À ces mots, Robert éclate de rire et siffle un air joyeux par le trou de sa dent ; c’est toute sa réponse, et il n’y a pas moyen de discuter.

— Flûte à ton aise, lui dis-je ; tu ne m’empêcheras pas de venir habiter plus tard une maison près de la tienne.

— Quand vous aurez votre retraite !

— C’est ça.

— Moi, je suis tout retraité, dit Robert, et je vous attends.

— Nous finirons nos jours porte à porte.

— Tant mieux ! dit Robert ; vous n’êtes pas fier et vous aimez le peuple.

— J’en suis, Robert… Pourquoi ricanes-tu encore ? Tu es insupportable. Ne crois-tu pas que je serai ton camarade comme quand j’étais petit ?

— Si, si, dit Robert redevenu sérieux, et le soir nous jouerons aux cartes l’un chez l’autre.

— Je te le promets et nous boirons des brûtots d’eau-de-vie sucrée, et nous lirons des livres à la veillée ; lis-tu quelquefois ?

— Je lis des livres de la bibliothèque communale.

— Lesquels ?

— Des livres d’histoires.

— De France ?

— Non, d’Indiens. Ils rampent à travers la brousse ; brusquement ils se dressent et dévastent les plantations. Malheur ! je frémis, je sue dans ma chemise. Voilà les livres que je dévore. Et vous ?

— Moi aussi. Et nous ferons des promenades au soleil, comme aujourd’hui. Regarde notre pays, Robert : est-il beau ! Ce grand pré, au fond, que traverse l’Yonne, est-il vert ?

— Il ferait un fameux champ de tir.

— Un champ de tir ! quelle drôle d’idée ! C’est un pré où pousse une herbe de la meilleure qualité.

— Un pré qui vaut de la monnaie, dit Robert.

— Un pré où nos magnifiques bœufs blancs profitent. Pourquoi veux-tu mettre à leur place des soldats ?

— Je n’y tiens pas, dit Robert.

— Alors ?… Et là-bas, de l’autre côté de la rivière, vois comme ce clocher brille au soleil couchant !

— Mâtin ! ce qu’on le bombarderait du point où nous sommes !

— Encore ! Qu’est-ce qui te prend ? Voilà tout ce que cette nature t’inspire ? Tu parles comme un général, tu souhaites donc la guerre ?

— Oh ! non, s’écrie Robert, non, non, pas de guerre ! Je ne m’occupe jamais de politique.
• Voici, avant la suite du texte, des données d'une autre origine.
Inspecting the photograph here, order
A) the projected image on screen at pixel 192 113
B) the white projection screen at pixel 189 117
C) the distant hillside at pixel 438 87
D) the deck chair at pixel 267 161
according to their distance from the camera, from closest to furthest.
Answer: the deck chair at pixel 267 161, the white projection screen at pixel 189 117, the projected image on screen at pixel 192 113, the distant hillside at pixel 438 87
Le gouvernement m’est égal, j’accepte n’importe lequel à la condition qu’il nous préserve de la guerre. Je n’ai peur que de la guerre.

— Et tu voulais, il n’y a qu’un instant saccager cette prairie et abattre ce clocher à coups de canon !

— J’ai dit ça comme j’aurais dit autre chose.

— Prends garde, Robert, on t’écoute ; tu jettes en l’air des mots qu’on rattrape et qu’on répète. Ce que tu dis comme tu dirais autre chose, on assure que tu le penses. Tes paroles les plus insignifiantes, ça fait de l’opinion publique. Parce que tu préfères ton village aux villages voisins, des gens qui te connaissent mal, affirment que tu détestes l’étranger ; et s’ils t’avaient entendu tout à l’heure, homme pacifique, ils jureraient que tu ne songes qu’à égorger tes frères.